====== DATA RECORDS

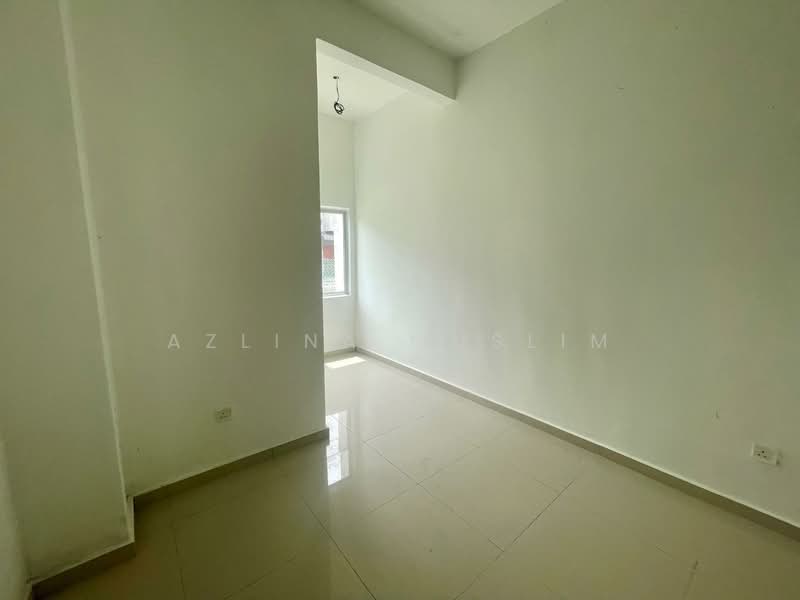 2-storey Terraced House for Sale in Taman Warisan (Batu Pahat) - Azlina Muslim - Interior - PropertyGuru.com.my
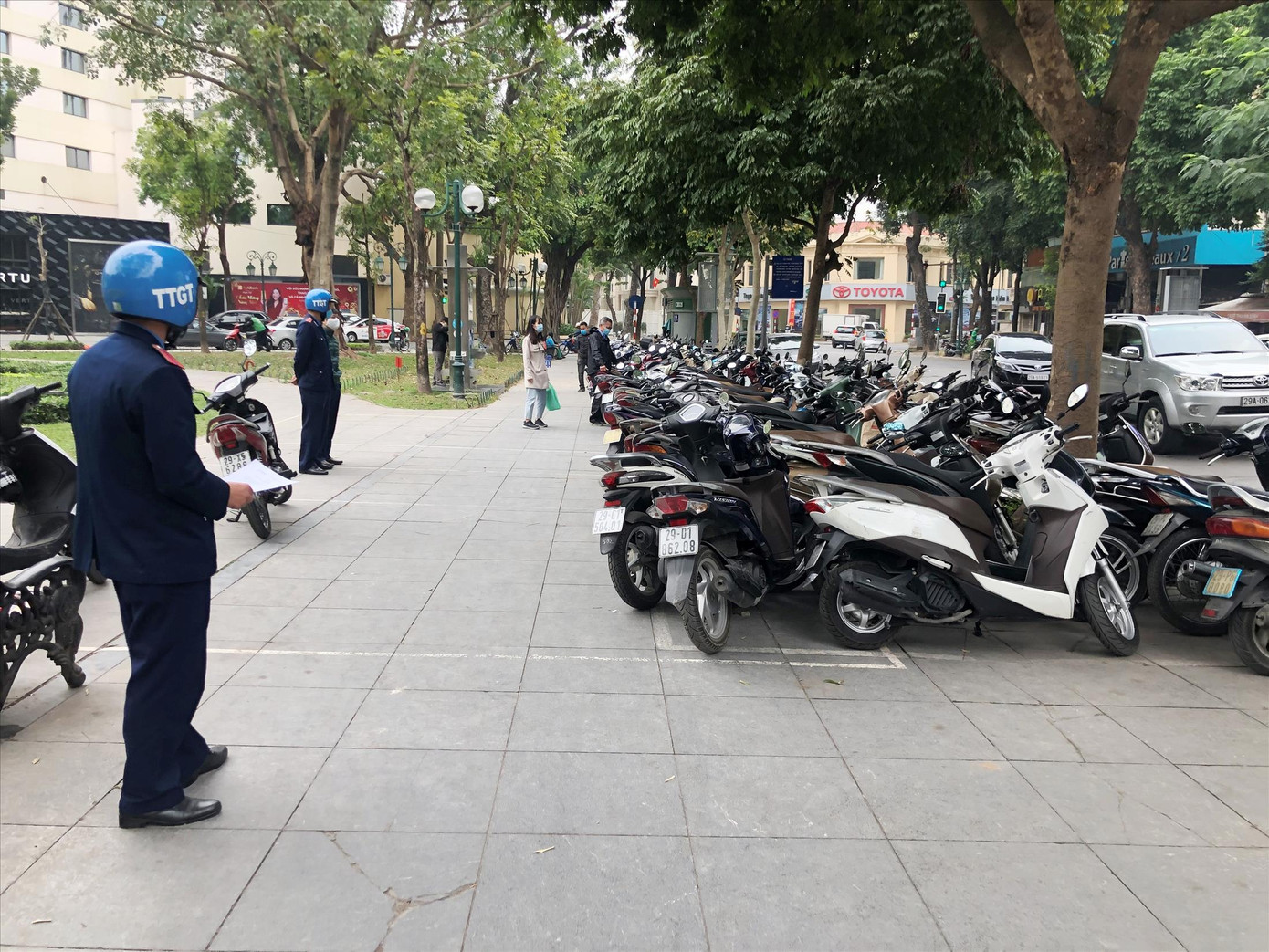 Dịch vụ trông giữ xe tại Hà Nội tái phạm nhiều lần: Sao không thu hồi giấy phép? ảnh 1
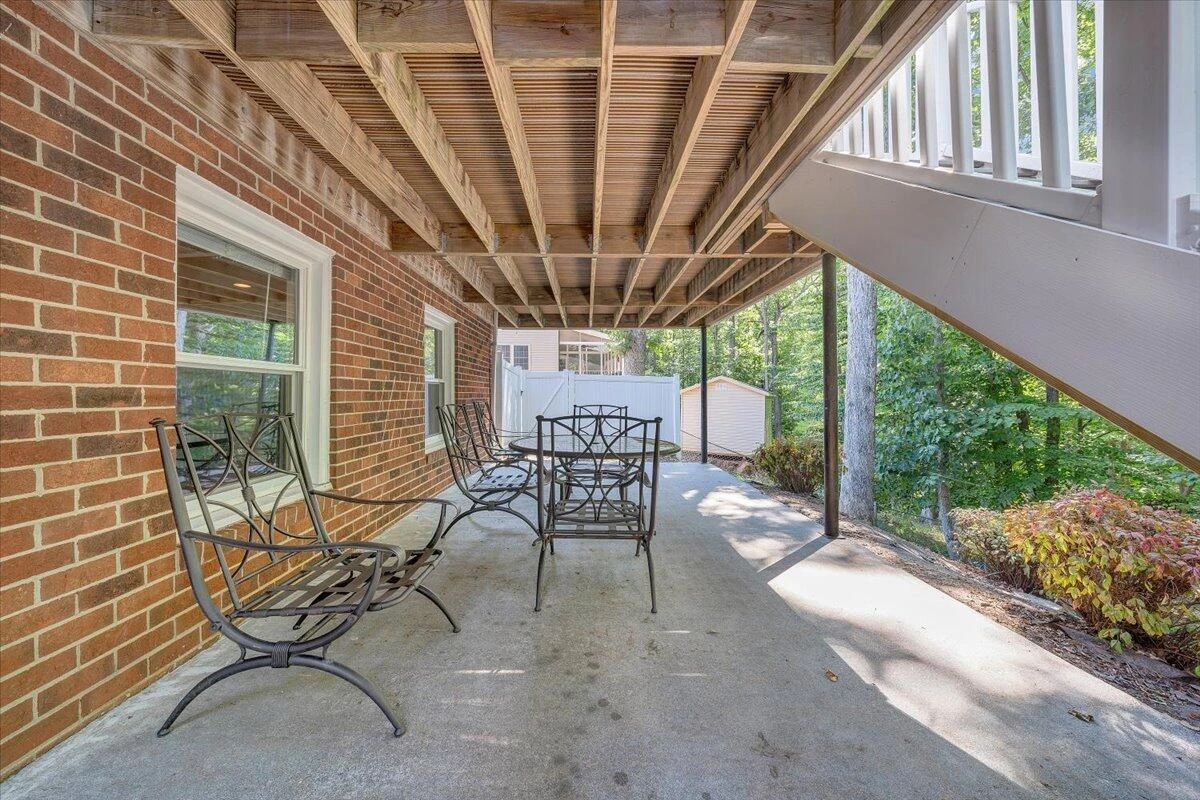 133 Breezewood RD - Photo 43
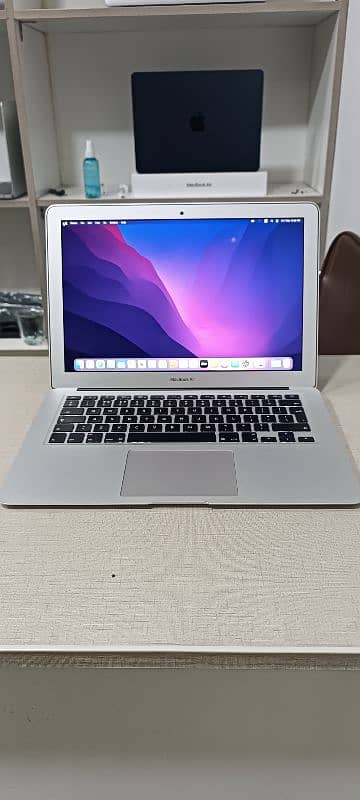 Macbook Air 2017 13.3" Ci5 8/128gb 1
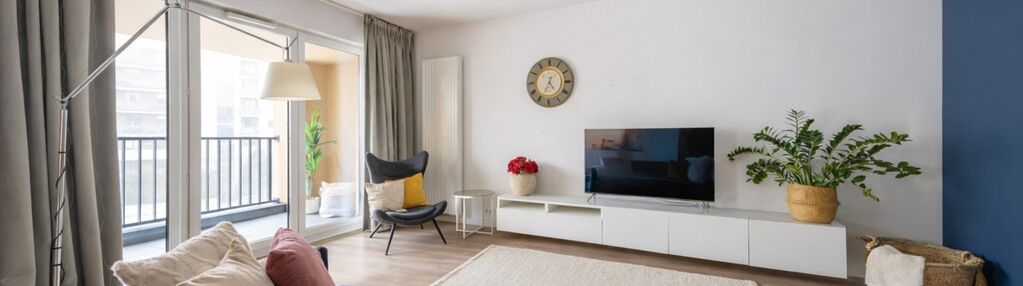 Apartamentowiec, umeblowane, okna na skwer, 2 pok.
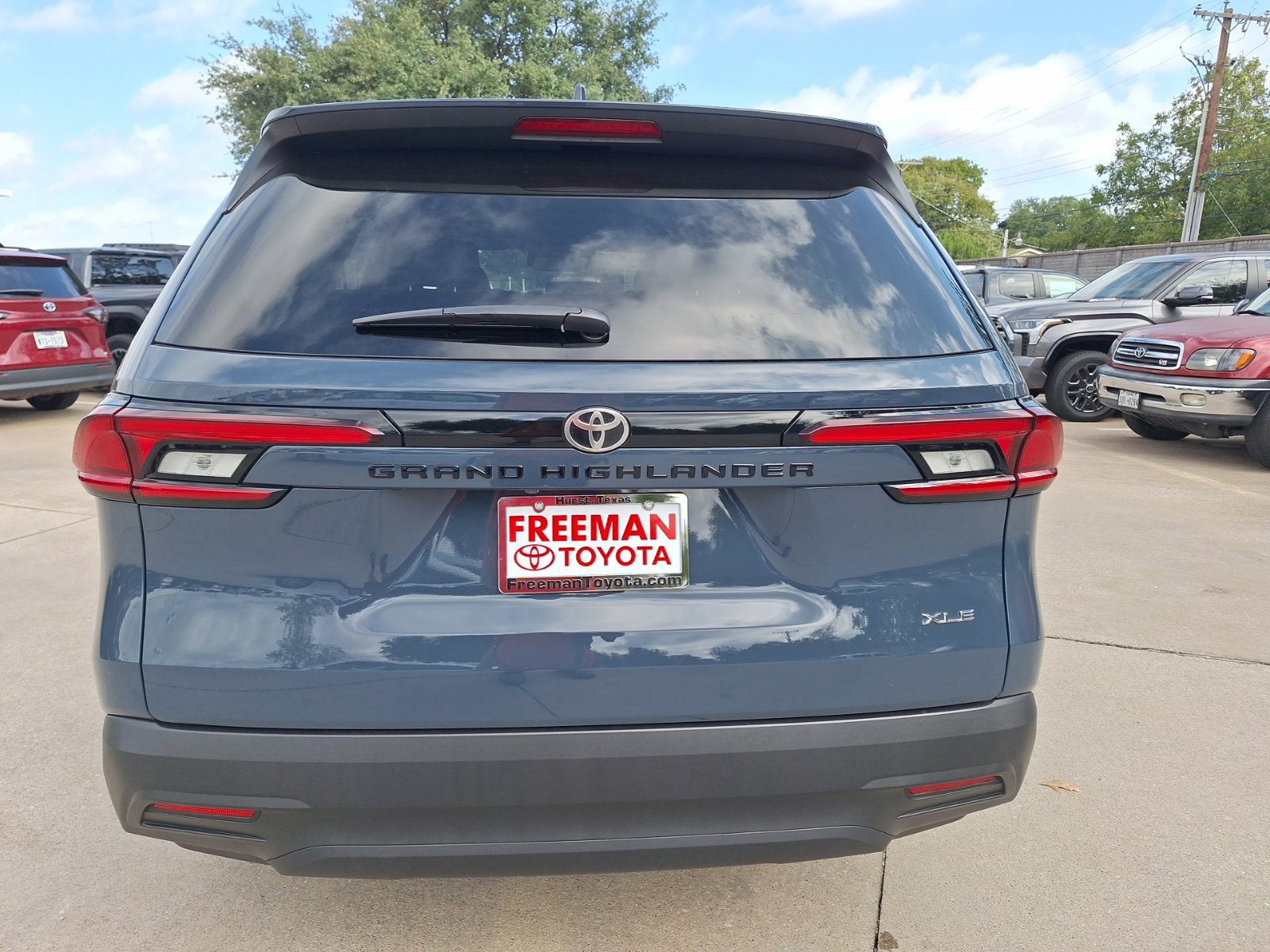 Used 2026 Toyota Grand Highlander FWD image 5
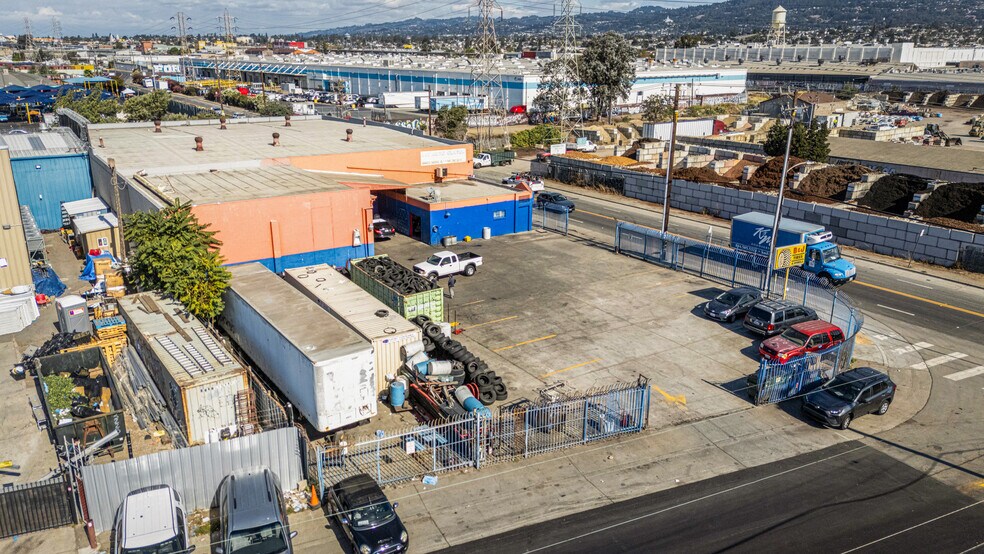 More Photos Of 5901 Coliseum Way, Oakland Auto Repair For Sale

============

**DIRECTIONS:** "Used 2026 Toyota" marks the first line to copy; copy that line and every line after it through the last line of the listing, exactly and without pictures.

**TASK RESULT:**
 Used 2026 Toyota Grand Highlander FWD image 5
 More Photos Of 5901 Coliseum Way, Oakland Auto Repair For Sale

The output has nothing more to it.